Più antico è l’affresco che riproduce l’ultima cena nella collegiata di Santa Croce. Questo affresco, per la mancanza di alcuni elementi sulla tavola, come il calice del vino, sembra essere stato ispirato dal Vangelo di S. Giovanni L’affresco si trova nella parete di fronte alla porta della sacrestia di destra, quella che una volta era la cappella del S.S. Sacramento, e apprendiamo da Stefano Serangeli che “fu edificata e dipinta a spese di questa confraternita, fondata il 7 Luglio 1579, e che durante la demolizione della vecchia chiesa nel 1659, operata da Giovan Battista Borghese, fu l’unica parte a non essere demolita.”
L’affresco rinvenuto sotto l’intonaco durante i lavori di restauro fatti tra il 1987-1989, si può datare tra la fine del XV e gli inizi del XVI, e si potrebbe assegnare l’opera alla cerchia di Orazio Zecca che proprio in quel periodo era impegnato in alcuni affreschi nella chiesa del Rosario.

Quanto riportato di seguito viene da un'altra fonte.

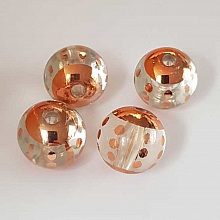 Perle ronde plastique fantaisie saumon 25 mm N&deg;06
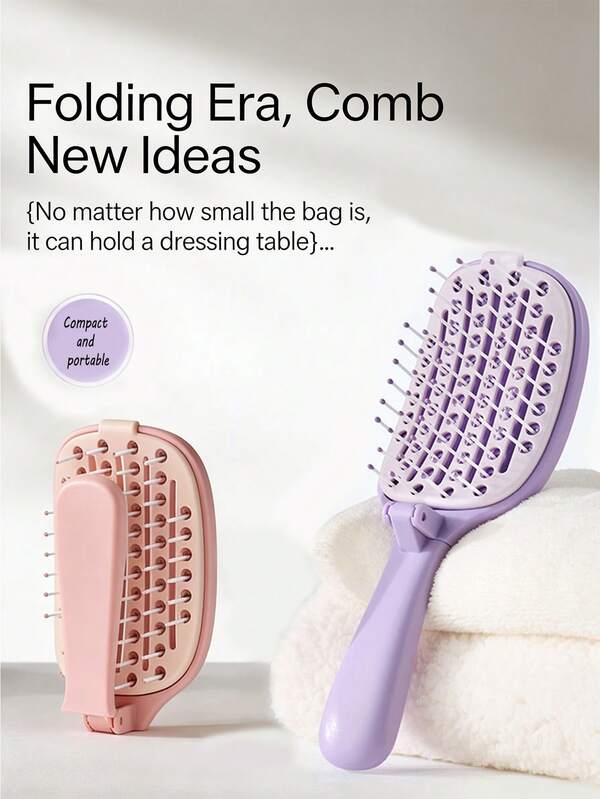 1개 휴대용 접이식 부드러운 털 엉킴 방지 헤어 브러시, 엉킴에 부드럽고, 쉬운 청소를 위한 탈착식 패드, 지갑에 맞는 컴팩트한 크기, 접이식 디자인, 엉킴을 쉽게 제거, 일상 사용 및 여행에 컴팩트하고 편리함
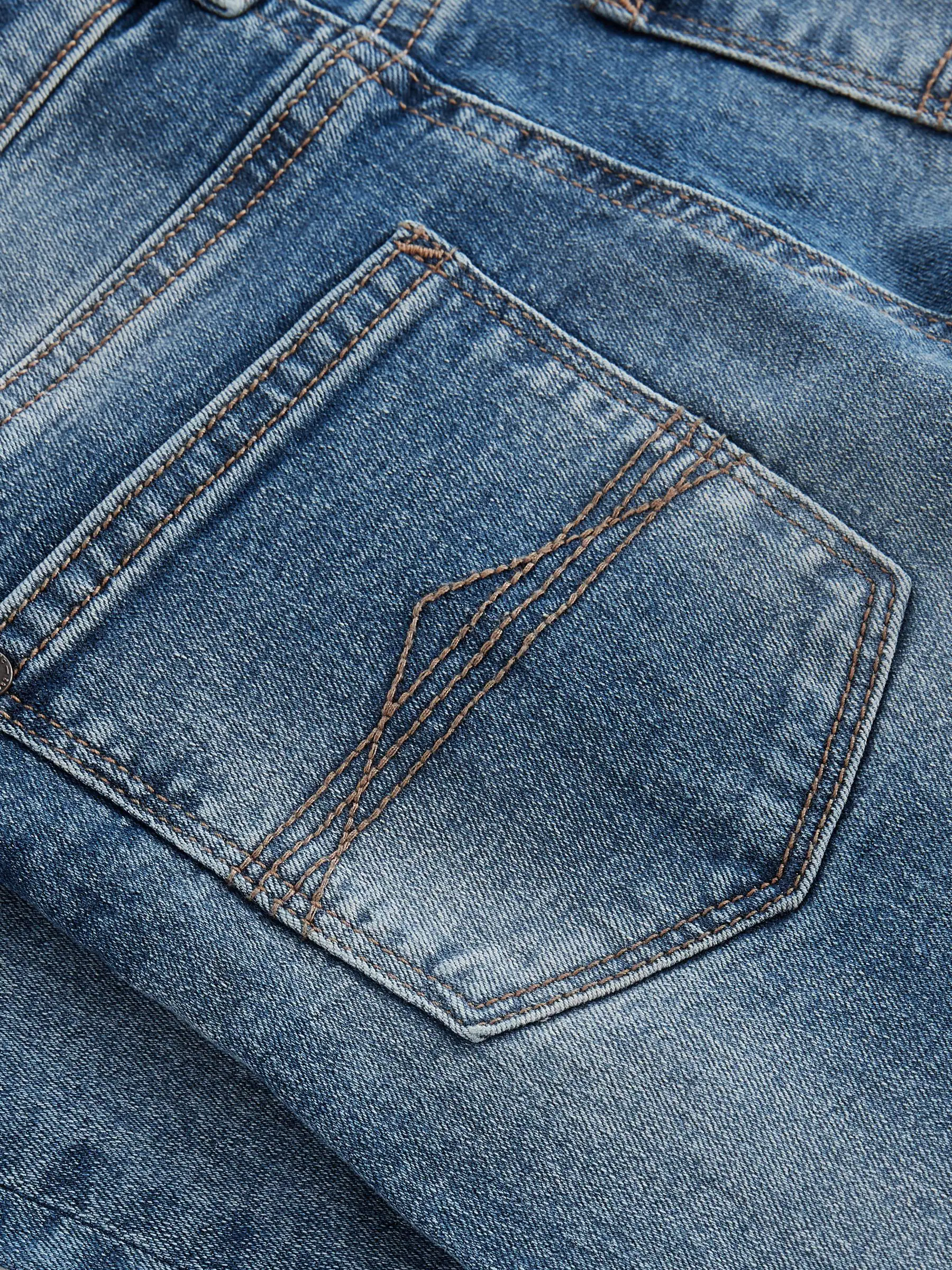 Blauw met zuurwassing - Stretchjeans (3-17jr)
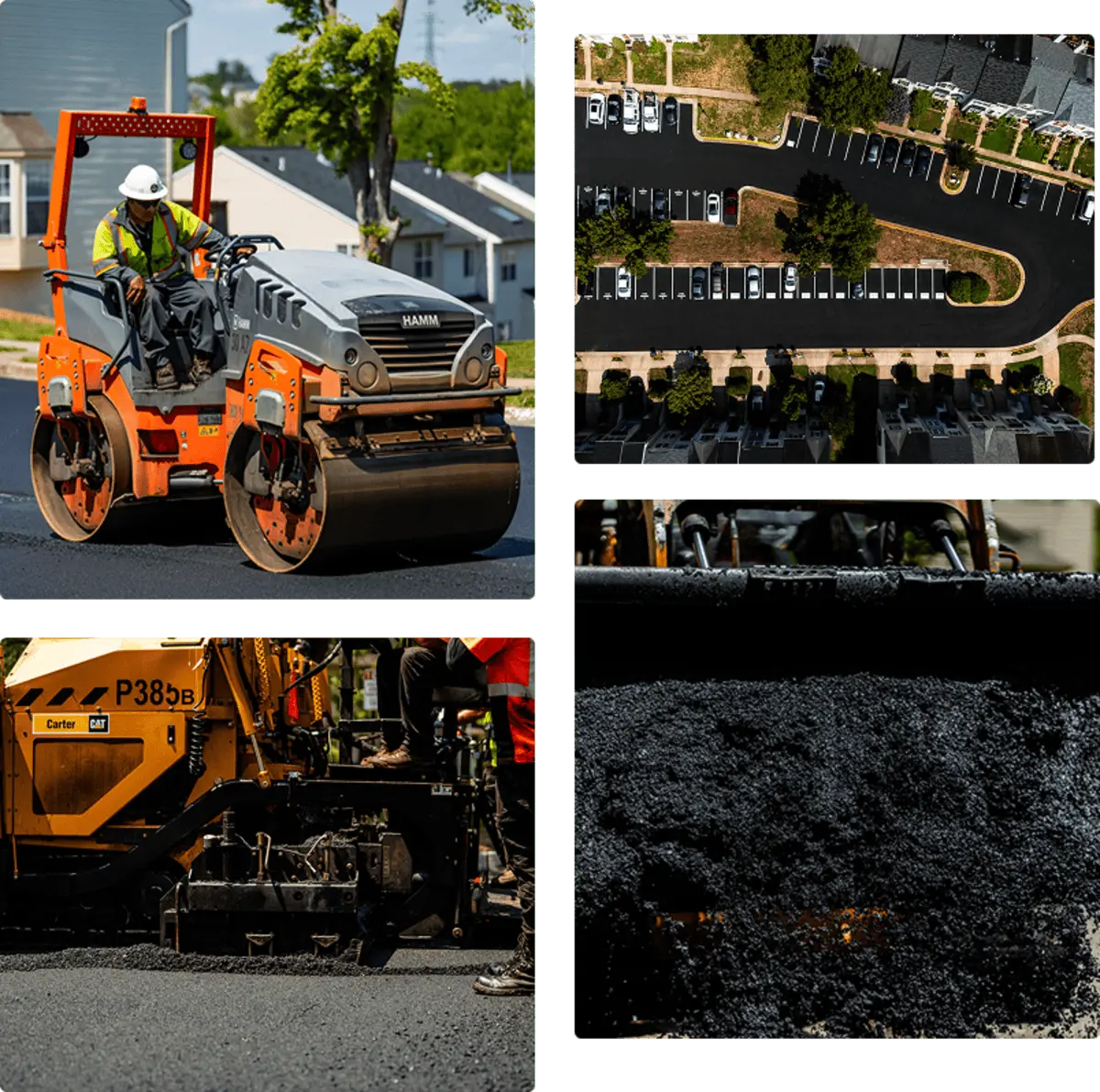 asphalt paving collage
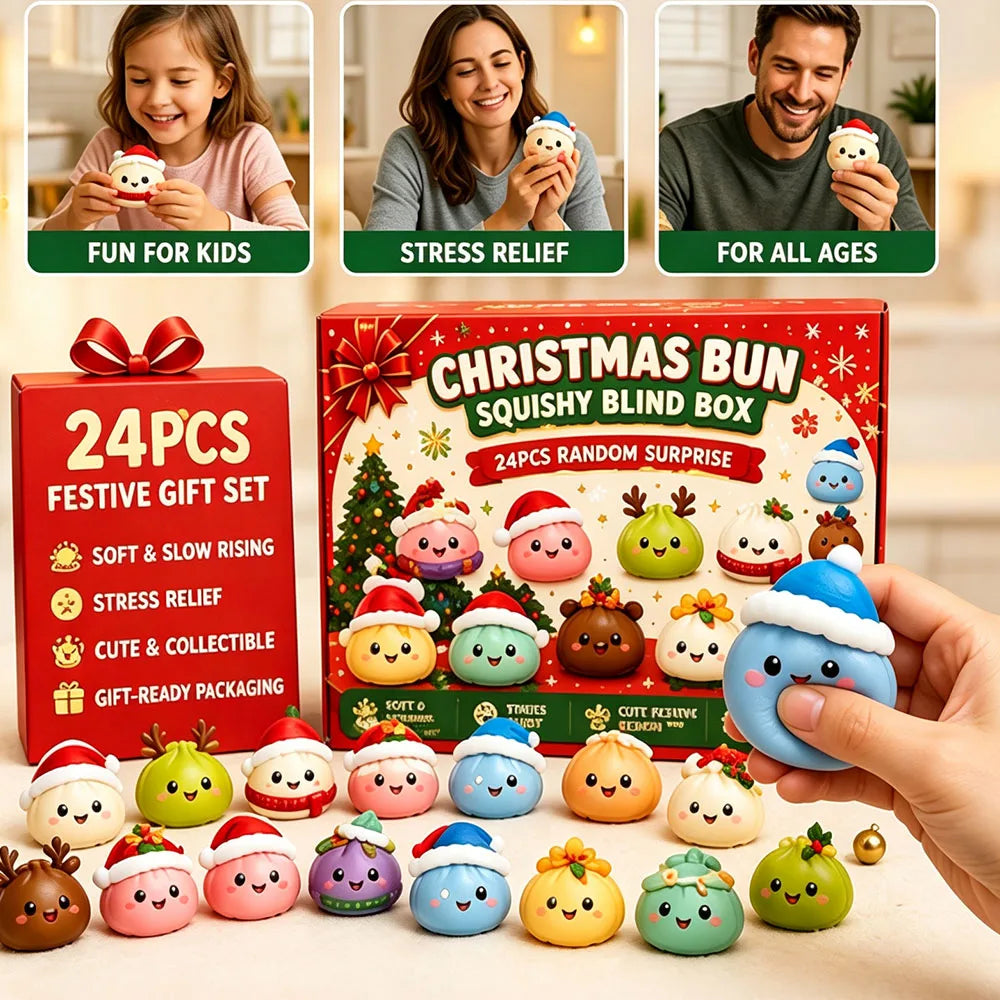 Squishy 2026 Christmas Advent Calendar, 24 Days Countdown Surprise Box, Dumpling Slow Rebound Squishies Squeeze Sensory Gift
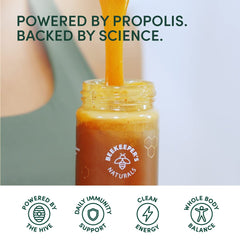 Beekeeper's Naturals cuchara con jalea real y polen, aporte nutritivo visible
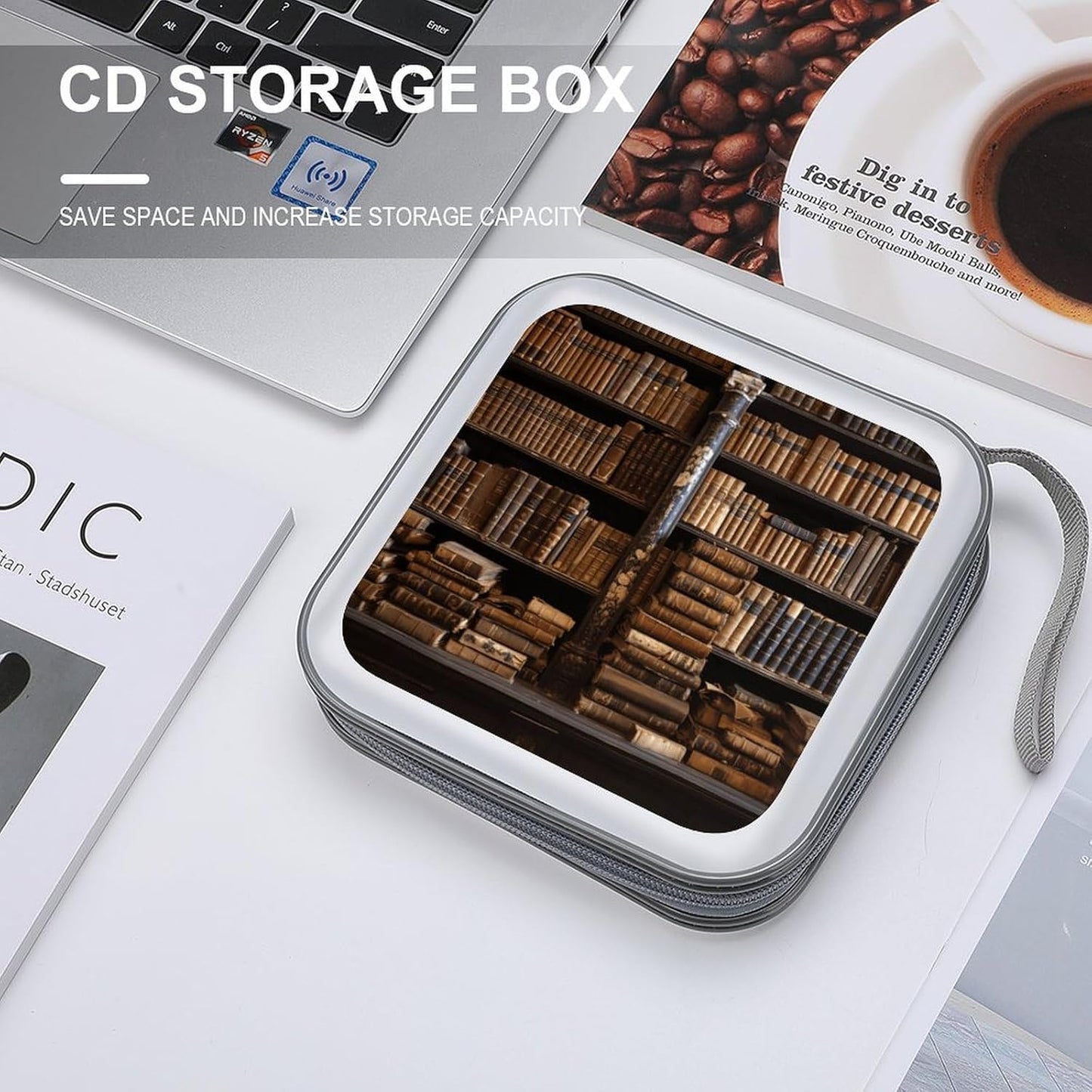 Old Books in Library CD Case Portable Zipper CD Cases Holder Hard Plastic DVD Disc Cases Storage Binder Large Storage Disc Wallet Bag Heavy Duty Booklet Album 40 Capacity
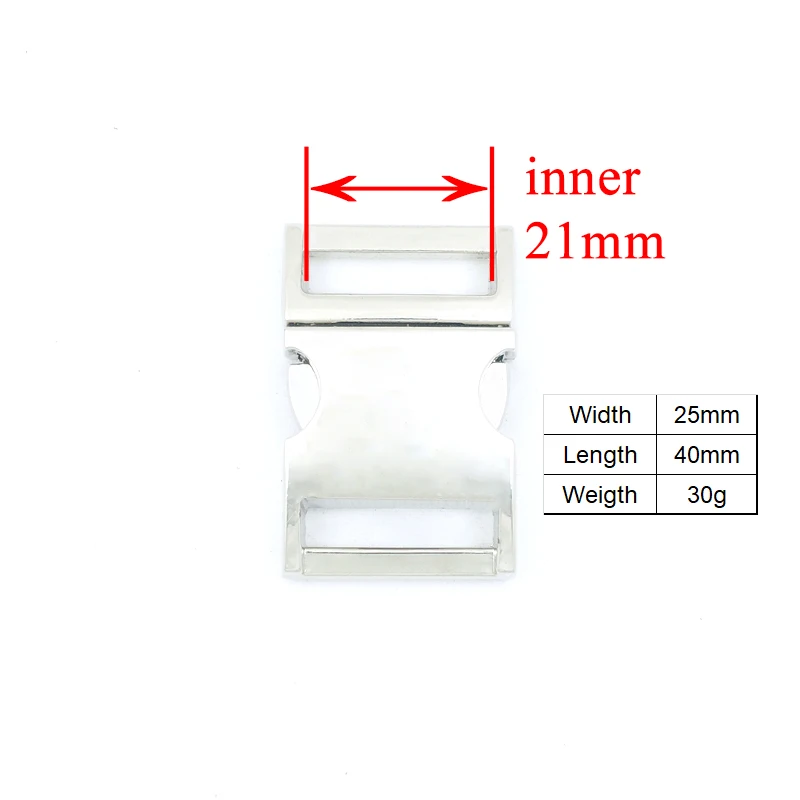 

20pcs/lot Metal side release curved buckle durable hardware for paracord security lock puppy collar diy parts Zinc Alloy CK20Y02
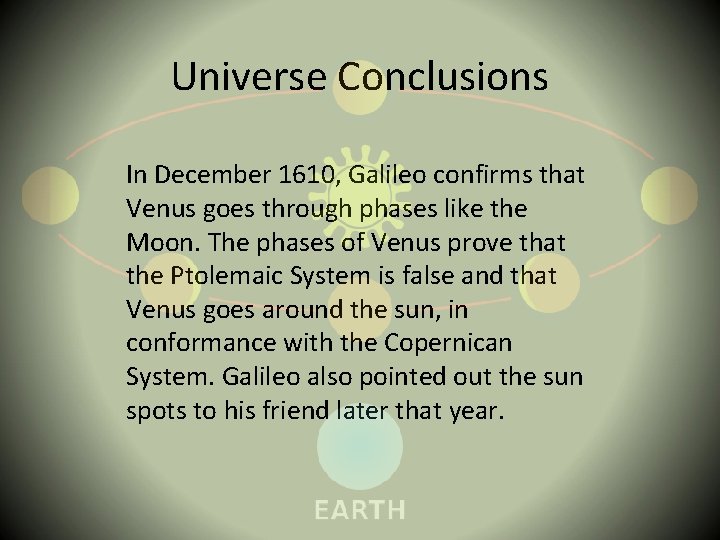 Universe Conclusions In December 1610, Galileo confirms that Venus goes through phases like the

In questo affresco Gesù è seduto al centro del tavolo con l’ostia nella mano sinistra, mentre con la destra la benedice. Sul tavolo l’agnello in un piatto al centro, c’è qualche pane, ma manca il calice del vino. Anche in questo affresco, guardando gli apostoli, sembra riconoscere il momento esatto in cui l’autore ha voluto fermare la scena. Gesù aveva detto: “uno di voi mi tradirà”. Sembra che tutti gli apostoli siano in movimento sconvolti da questa frase. Alcuni si portano la mano al petto come per dire: “sono forse io Signore?”. Simon Pietro, con la mano sinistra al petto fa cenno a Giovanni come per dirgli: “fatti dire chi è?”, e Giovanni poggiatosi sulla spalla di Gesù, gli chiede: “Signore, chi è ?” Anche Giuda, che è seduto di spalle alla sinistra della tavola (riconoscibile con il sacchetto nero dei denari che tiene con la sinistra), alzando l’indice della mano destra, guardando Gesù sembra dire:”Sono forse io Rabbi?”
L’ignoto autore dell’affresco ha voluto anche riportare due personaggi, che, pur se vissuti prima e dopo, in qualche modo sono legati alla vicenda dell’ultima cena, ponendoli però ai lati del quadro. Sulla sinistra un personaggio che potrebbe forse identificarsi con Aronne, primo sacerdote Ebraico che insieme al fratello Mosè guidarono il popolo Ebraico fuori dall’Egitto. L’evento che si ricorda nelle Pesach ebraica e che quindi ci riporta all’ultima cena di Gesù. Sulla destra del quadro San Paolo di Tarso, l’apostolo missionario, ricordato per le sue numerose lettere tra cui la prima lettera ai Corinzi dove racconta dell’istituzione dell’eucarestia avvenuta nell’ultima cena con l’offerta agli apostoli del pane e del calice del vino, riportando il racconto fatto dagli evangelisti Luca, Matteo e Marco.